Con Beach House, The War on Drugs o Sufjan Stevens bajo las alas, a base de dream pop y sinceridad, teje con recuerdos esa unión verdadera que, aunque físicamente separe hoy a sus protagonistas, siempre habrá un lazo irrompible que los mantenga juntos.

Nos adentramos en "Aurora y Enrique" con la minimalista y emocionante “Aurora”, con una cadencia de nana que funde con “Ayer”, más atmosférica y resplandeciente, donde reluce fuerte el nuevo sonido que ha creado Soleá, junto a Manuel Cabezalí, en este vibrante trabajo.
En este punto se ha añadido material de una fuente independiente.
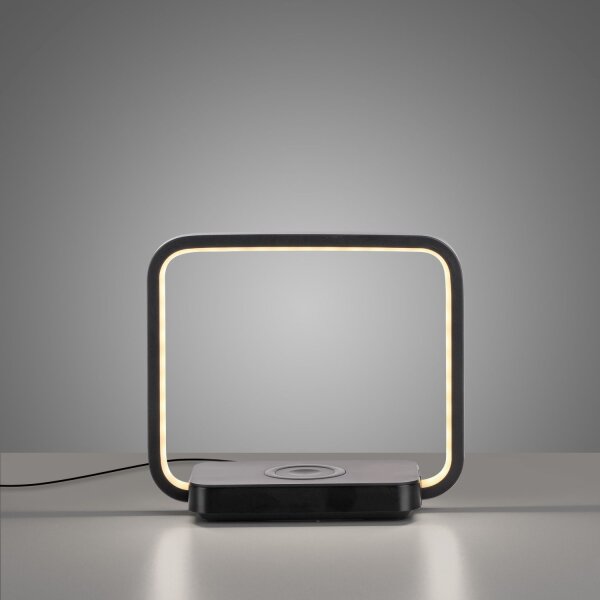 Dimmbare LED Tischleuchte Touch 3000 K 2 W Ladefunktion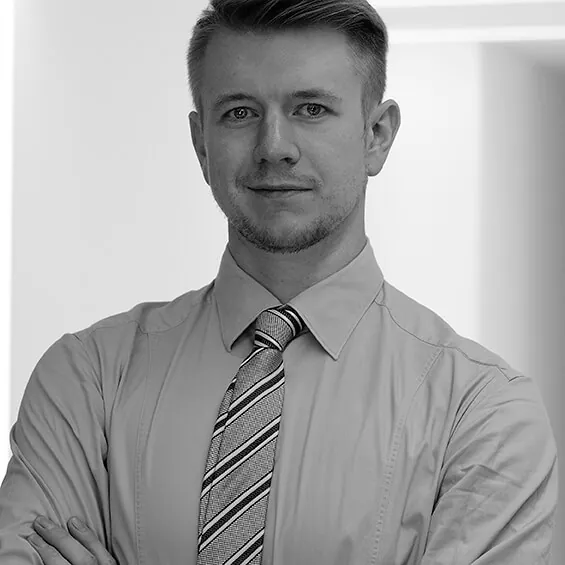 ritratto Luca Ostachowicz labor project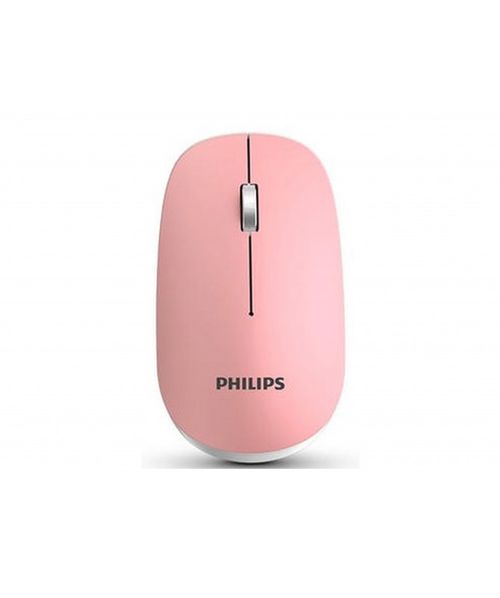 Mouse Philips Wireless SPK7305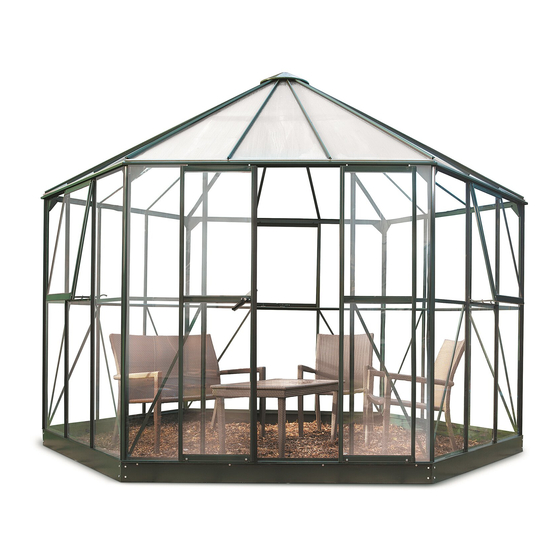 Halls Atrium Manual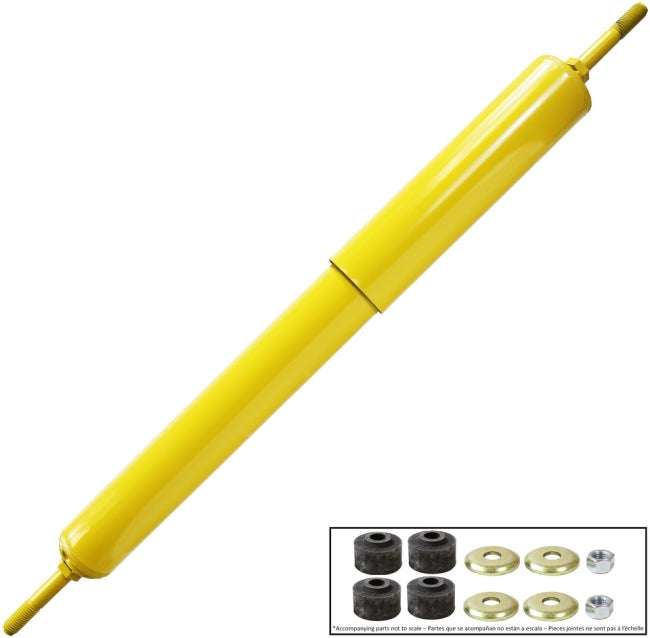 REEMP. 85069 Amortiguador Monroe Magnum Serie 65Delantero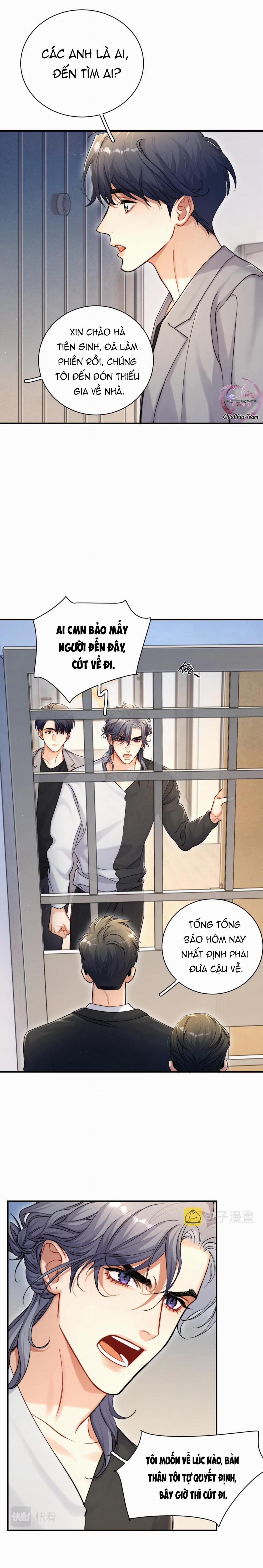 Nhất Túy Kinh Niên 85 trang 6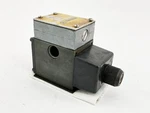 Rexroth 4WE10C31/CW110N9DA/V Directional Control Valve 110/120V. Fixed Price $489.95.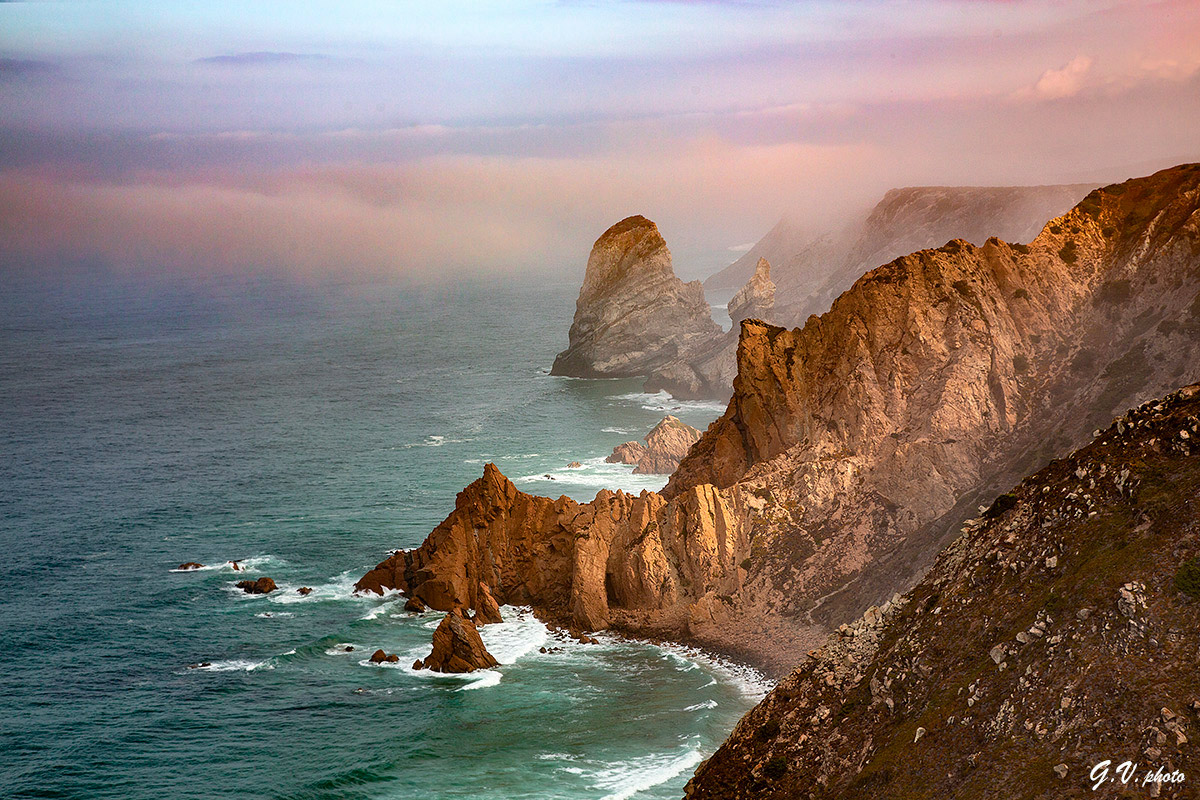 Cabo da Roca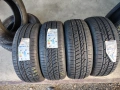 4бр.всесезонни гуми HANKOOK 195 60 16 DOT23 цена за брой, снимка 1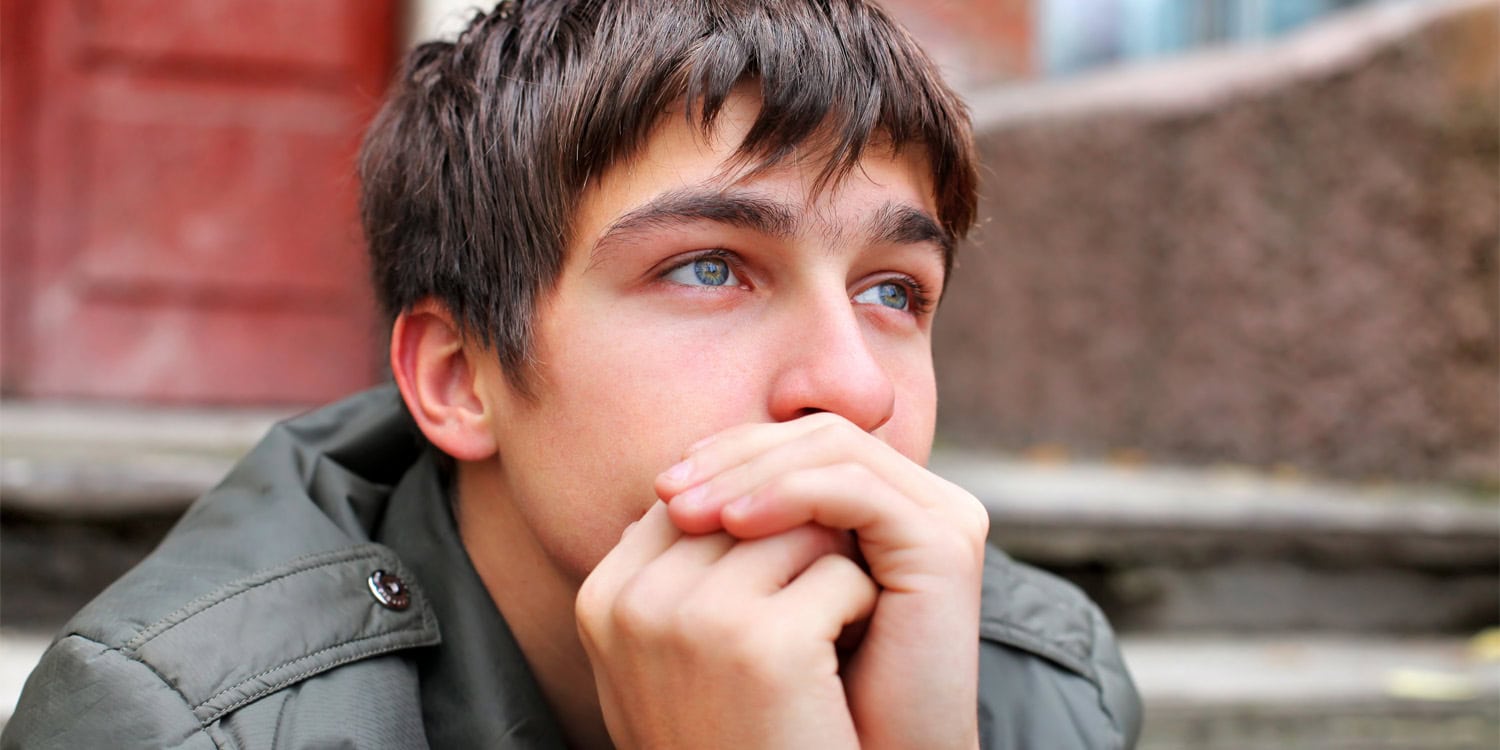 Featured image for Emotional Abuse Identified as Key Predictor of Student Suicidal Thoughts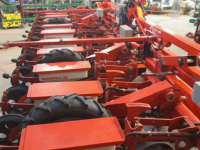 Vegetable- / Precision-seed drill Kverneland Monopill SE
“Yo y la que fui” empieza con un sonido más oscuro y se va tornando amanecer desde el espacio exterior. Así, entre envolventes atmósferas, sueños y cometas, Soléa siembra versos brillantes y los mezcla con ese hermoso estribillo popular y flamenco que dice: “A la orillita del río yo me voy sola, / y aumento la corriente con lo que mi corazón llora”. Raíces y alas en una letra donde refleja las inseguridades y miedos vencidos en un diálogo consigo misma.

Le sigue “El pañuelo de Estrella”, otra historia de amor, con un soniquete muy flamenco y festivo, rebosante de duende y compás, donde encontramos a la primera invitada del disco: su hermana Estrella Morente. La universalidad del amor y como quedan grabados en la memoria sentimental aquellos primeros gestos que prenden la llama.

La Cara A cierra con uno de los temas más ambiciosos del álbum, los siete minutos y medio de “Fe Ciega”, con una letra muy evocadora y espiritual, donde ese amor del ser querido nunca se va del todo y sigue presente, de alguna manera, en nuestro día a día. Los delay de guitarras dibujan paisajes luminosos que atardecen una y otra vez, con cierto regusto a The War on Drugs y a Lou Reed, más homenaje incluido al gran Manzanita, rescatando esa preciosa estrofa de “Ni contigo ni sintigui” de su "Espíritu sin nombre" (80), esa que dice: “Los cristales de mi casa / los empaño con mi aliento, en ellos yo pongo tu nombre / y después los borro a besos”.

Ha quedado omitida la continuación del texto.